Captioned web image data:

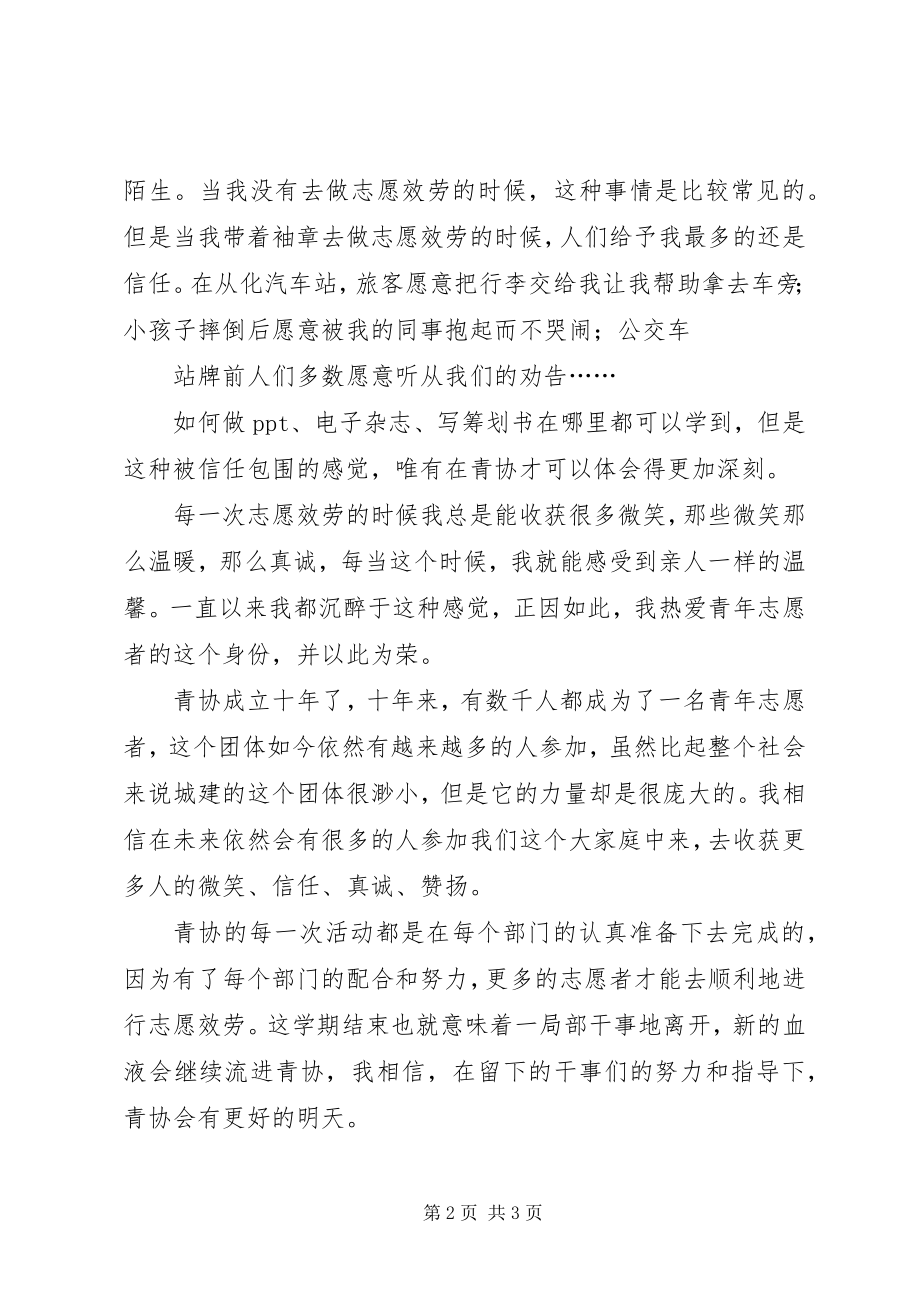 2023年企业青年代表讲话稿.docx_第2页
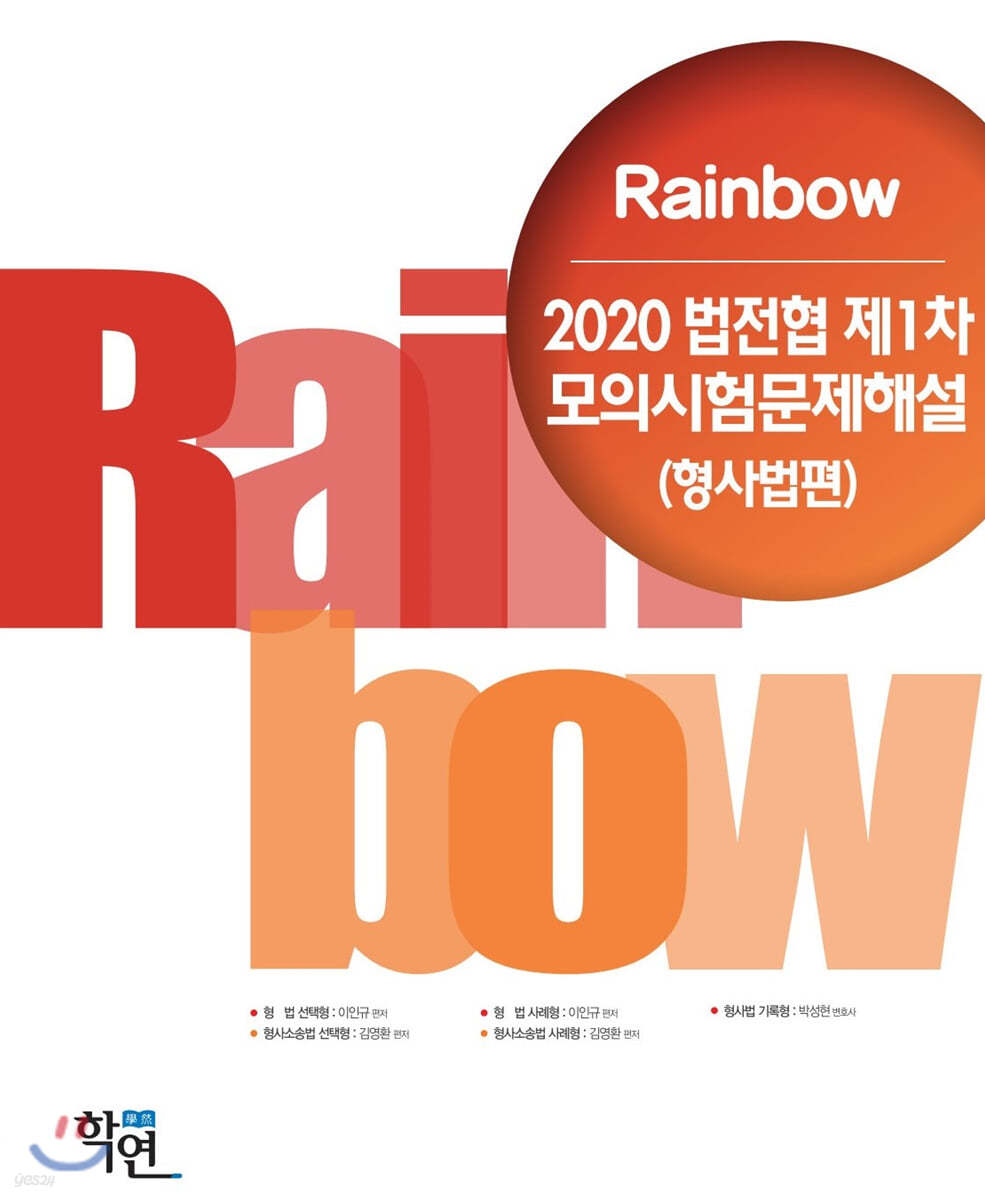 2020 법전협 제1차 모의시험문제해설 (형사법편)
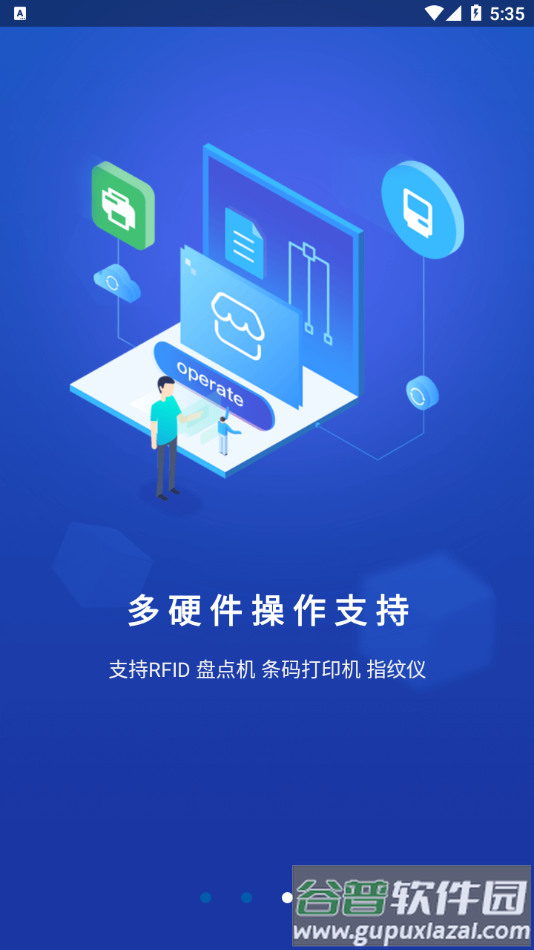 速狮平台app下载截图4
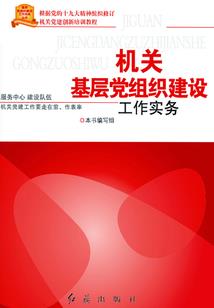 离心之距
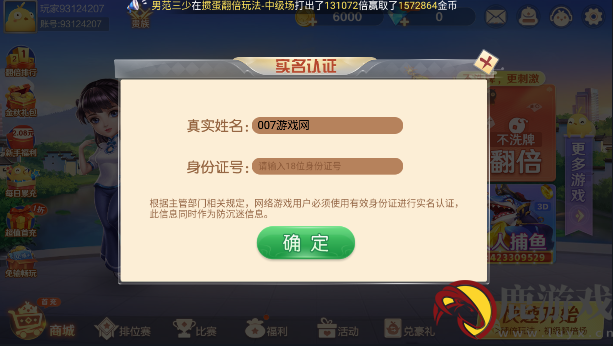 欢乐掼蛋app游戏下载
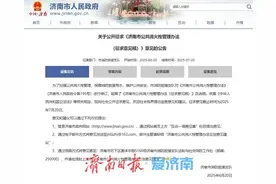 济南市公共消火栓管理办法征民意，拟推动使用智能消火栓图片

- _What the task requires_:
Repeat all the data as it stands, dropping any images it holds.

- _Response_:
 2023年企业青年代表讲话稿.docx_第2页
 2020 법전협 제1차 모의시험문제해설 (형사법편)
 速狮平台app下载截图4
 离心之距
 欢乐掼蛋app游戏下载
 济南市公共消火栓管理办法征民意，拟推动使用智能消火栓图片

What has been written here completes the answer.